Medial temporal lobe epilepsy (mTLE) is a common and often intractable form of epilepsy. Approximately 50 million people suffer from different epilepsies worldwide,1 30–40% of whom may continue to have poorly controlled seizures despite therapy.2, 3 mTLE is estimated to be the most common cause of intractable epilepsy in this population.4 In addition to chronic seizures, the long-term morbidity of mTLE includes an increased incidence of depression5, 6 and problems with learning and memory7, 8 that may progress despite adequate seizure control.9 Thus, progress in the study of mTLE is critical for developing better therapies to ease the large burden of this disorder.

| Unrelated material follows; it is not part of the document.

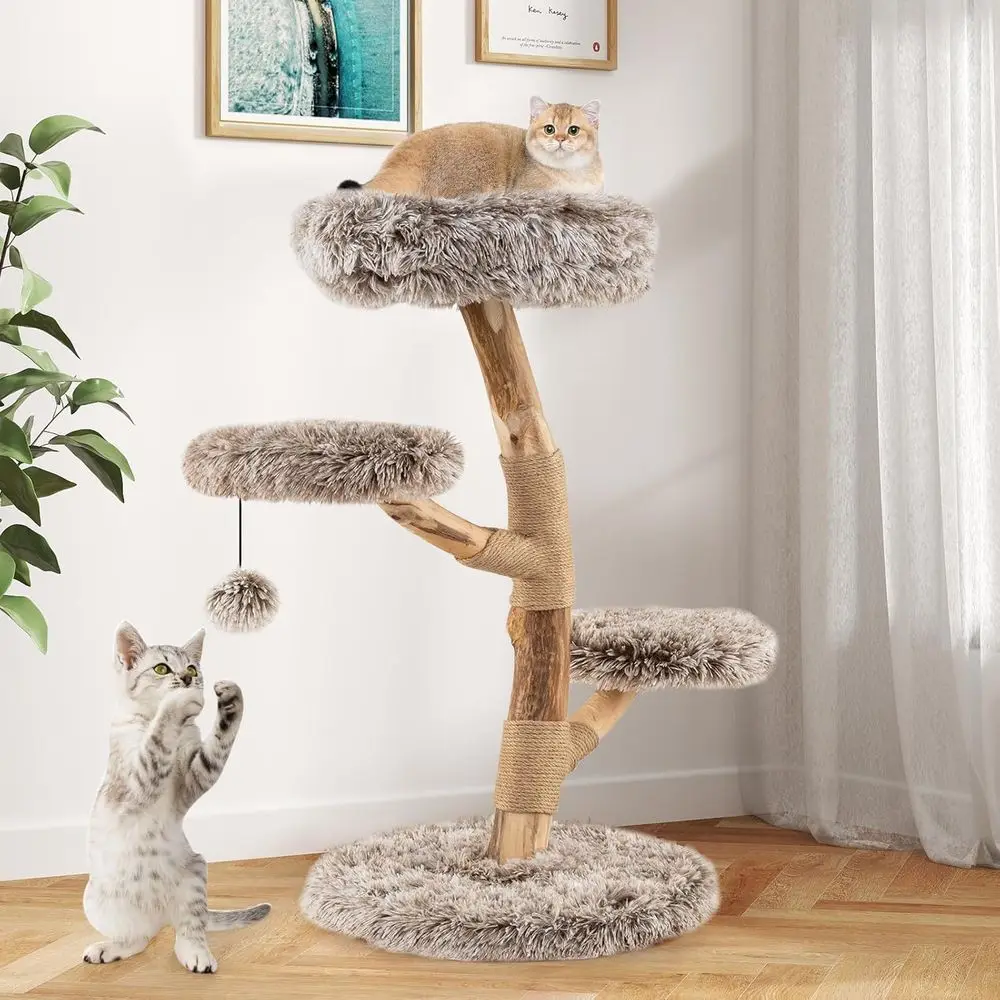 หอแมวไม้หลายชั้นพร้อมเสาข่วน,  - Cat Scratching Post บทวิจารณ์และราคา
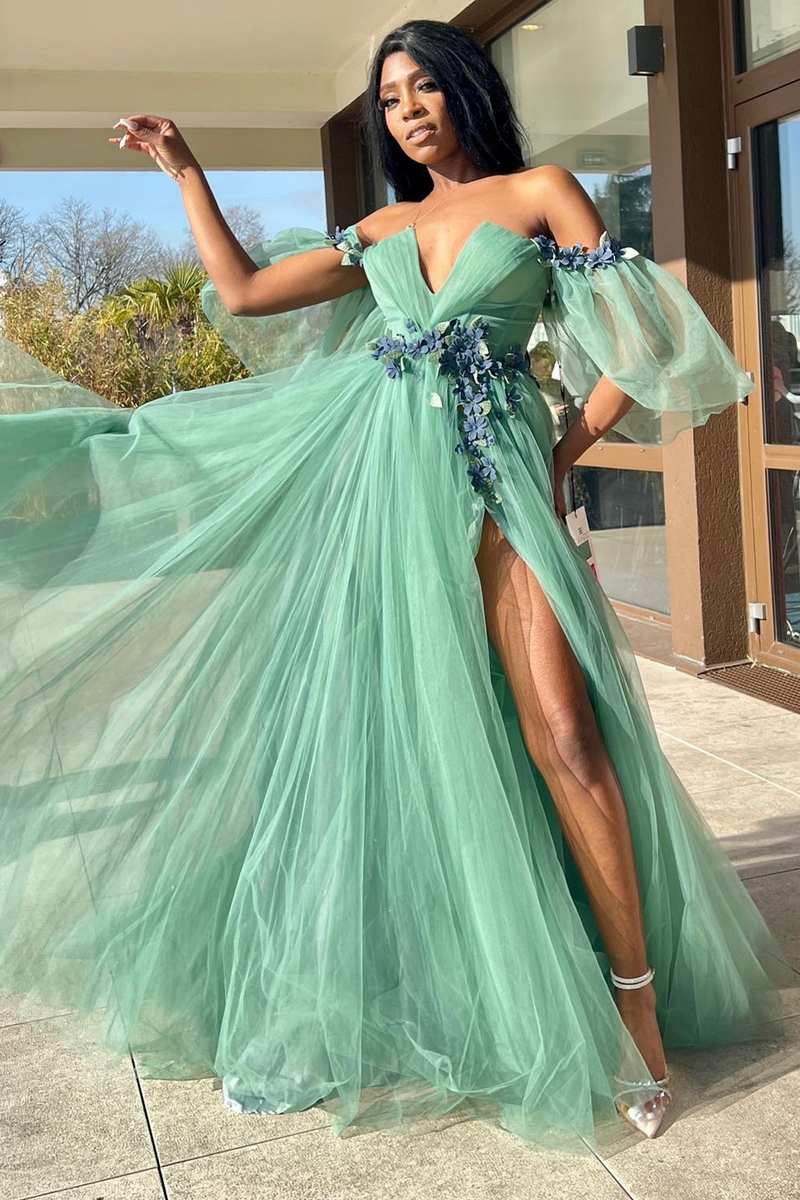 Green Tulle Lime Green Prom Dresses 2018 A-Line Green Tulle Long Prom  Dresses, Green Tulle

Humans with mTLE often have an initial “precipitating” event, followed by a latent period and subsequent development of epilepsy later in life. This knowledge has led to the development of the most common animal models of mTLE. In these models, a prolonged seizure (termed status epilepticus or SE) is induced by either electrical stimulation or a chemoconvulsant, leading to injury as the “initial precipitating event.” After a seizure-free latent period, spontaneous seizures develop and persist for the lifetime of the animal.10, 11 The two most commonly used chemconvulsant-induced SE models of mTLE are the kainic acid and pilocarpine models.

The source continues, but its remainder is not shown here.